Après d’innombrables échanges avec des managers et des spécialistes en HSE sur Safety-II et d’autres approches, je suis arrivé à la conclusion que Safety-II est plus attrayant pour les entreprises qui obtiennent déjà de bons résultats en matière de santé et de sécurité au travail en utilisant les KPI traditionnels, par exemple. Il arrive souvent que les KPI traditionnels liés à la sécurité comme le taux d’accidents (par million d’heures) stagnent à moins de 5 pendant un moment. Pour atteindre ce niveau, il faut un gros investissement et des efforts considérables et on y arrive en général en appliquant des approches traditionnelles.  

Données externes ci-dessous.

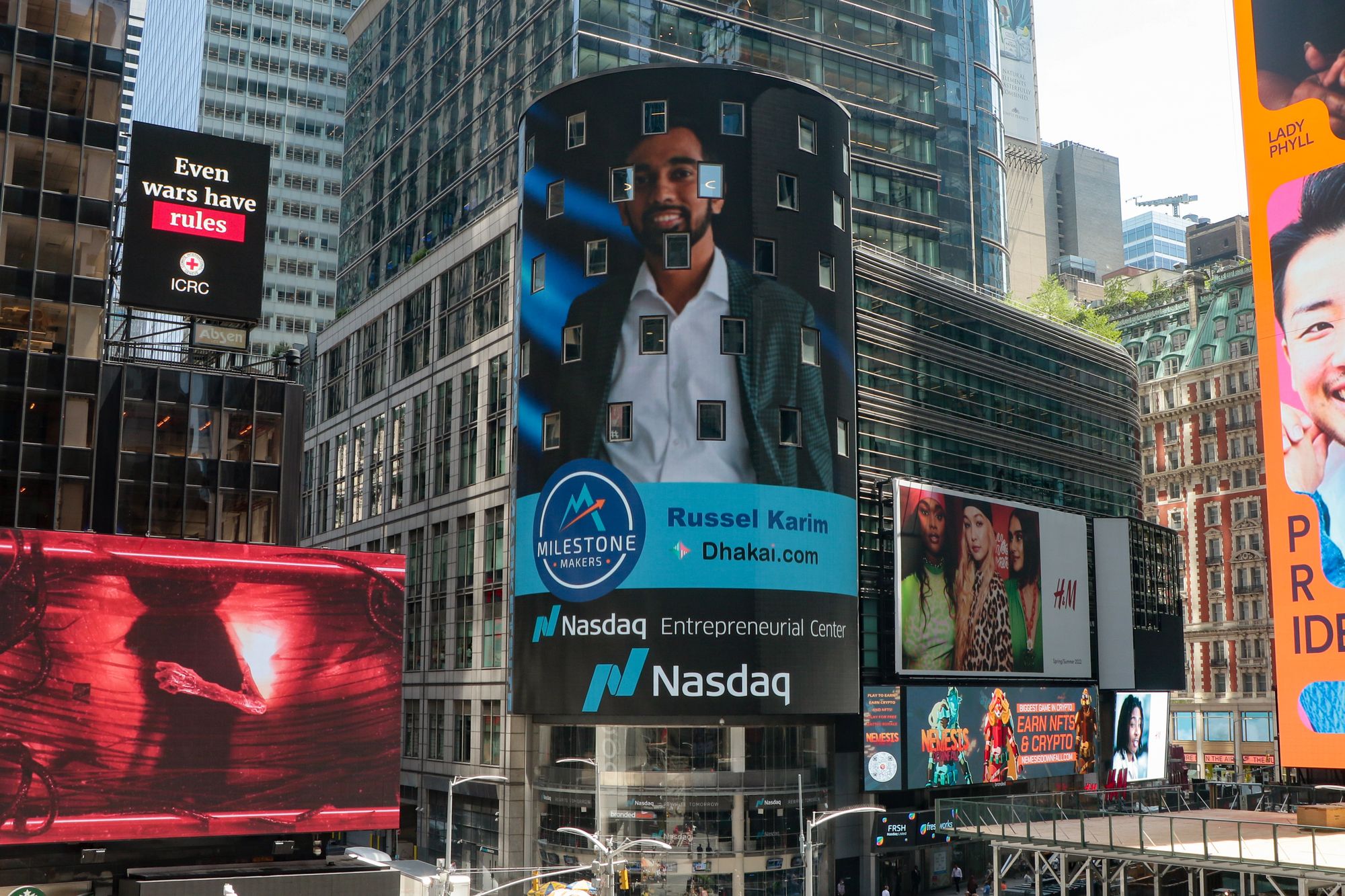 Dhakai Featured on Nasdaq Billboard in Times Square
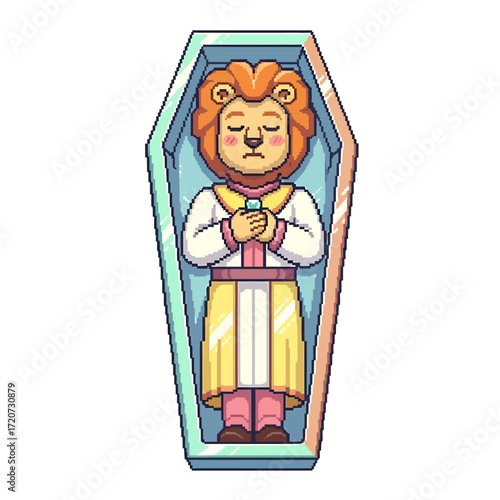 Lion in a Coffin Pixel Art of a Deceased King
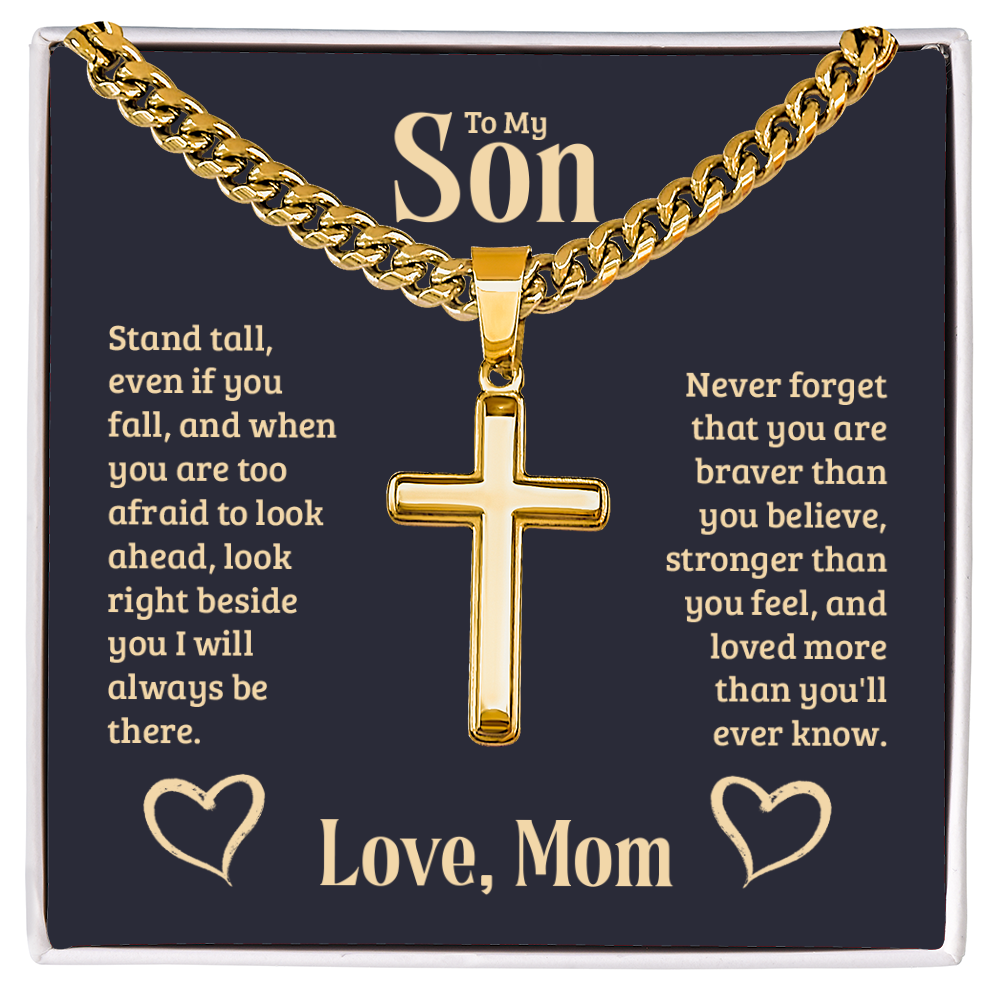 To My Son Braver Stronger Mom Cross Necklace Gift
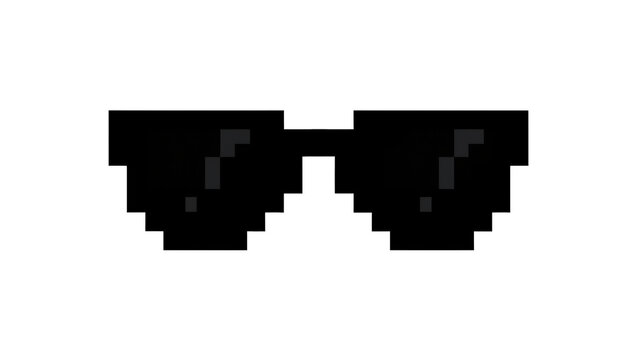 Pixelated black sunglasses with dark lenses, isolated on transparent background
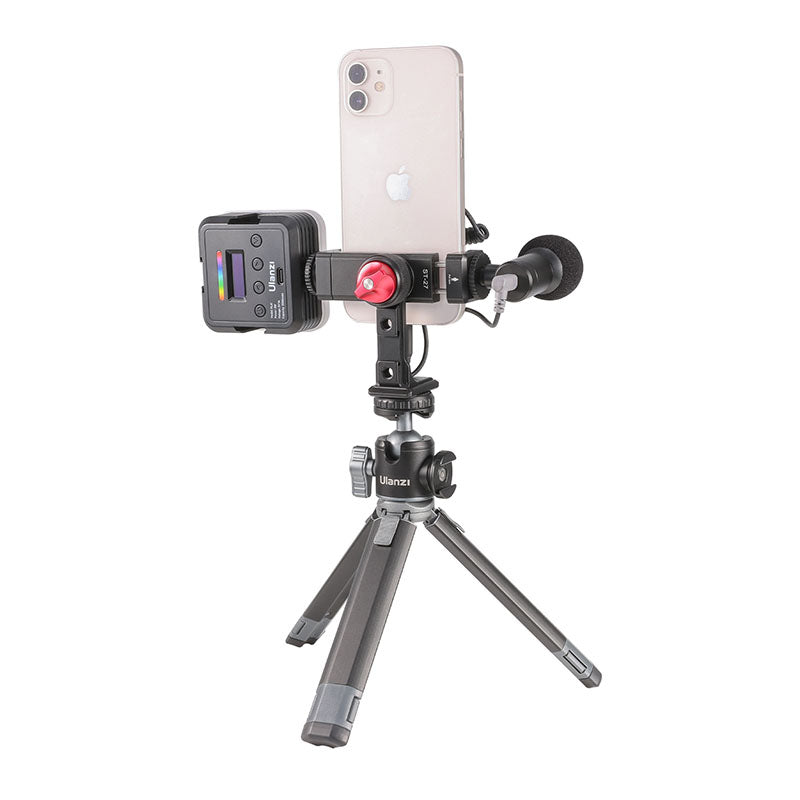 Ulanzi ST-27 phone tripod mount with smartphone, microphone, and LED light.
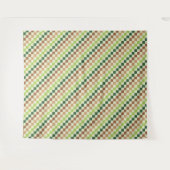 Earthy rainbow diagonal checkerboard pattern タペストリー (正面(横))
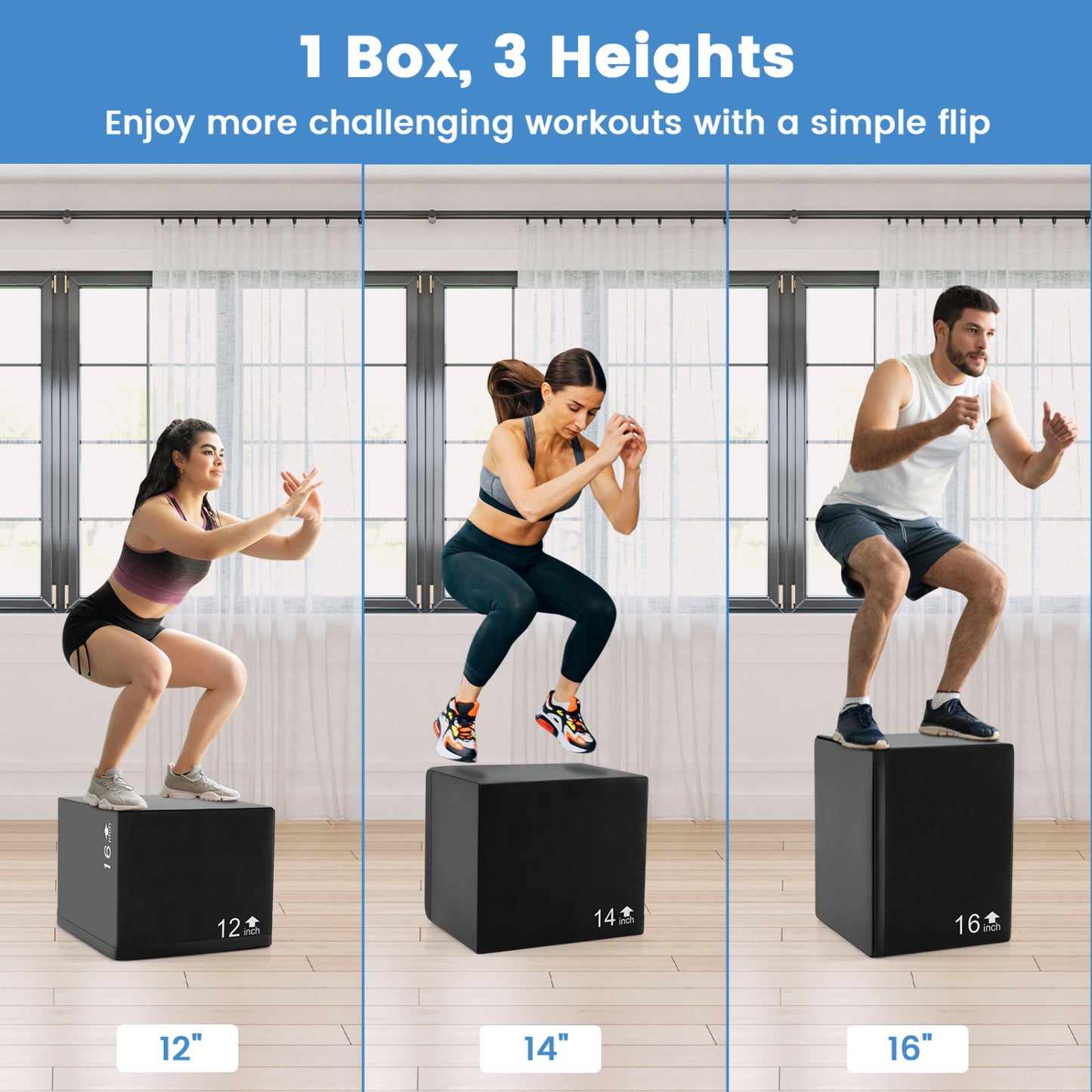 3 In 1 Foam Plyometric Box, 16 Inches, 3 Heights, Easy To Clean PU Cover Sport Equipments at Gallery Canada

« ... le progrès en matière de sécurité a atteint un palier dans un grand nombre de secteurs. On pourrait en conclure qu’en continuant à toujours faire la même chose on obtiendra les mêmes résultats, on n'atteindra pas de nouveaux objectifs. En suivant et en adoptant la tendance globale croissante de « Safety Differently », les différents secteurs pourront atteindre cette asymptote en considérant leurs employés comme des ressources à exploiter et en arrêtant de chercher à toujours atteindre le nombre le plus bas possible d’événements négatifs tout en considérant à nouveau la sécurité comme une responsabilité éthique pour les individus plutôt que comme une responsabilité bureaucratique. » -Sidney Dekker, Safety Management Trend Report 2017 

Remarque : Erik Hollnagel a expressément consenti à ce que cet extrait de son email soit publié. Il a été séduit par l’idée que son concept de Safety II et le débat autour de cette approche soient abordés dans des articles de blog. Cela signifie qu’il autorise la communauté de la santé et la sécurité au travail à se pencher sur un aspect qui pour lui est essentiel : les points de vue complémentaires, les deuxièmes avis. Merci.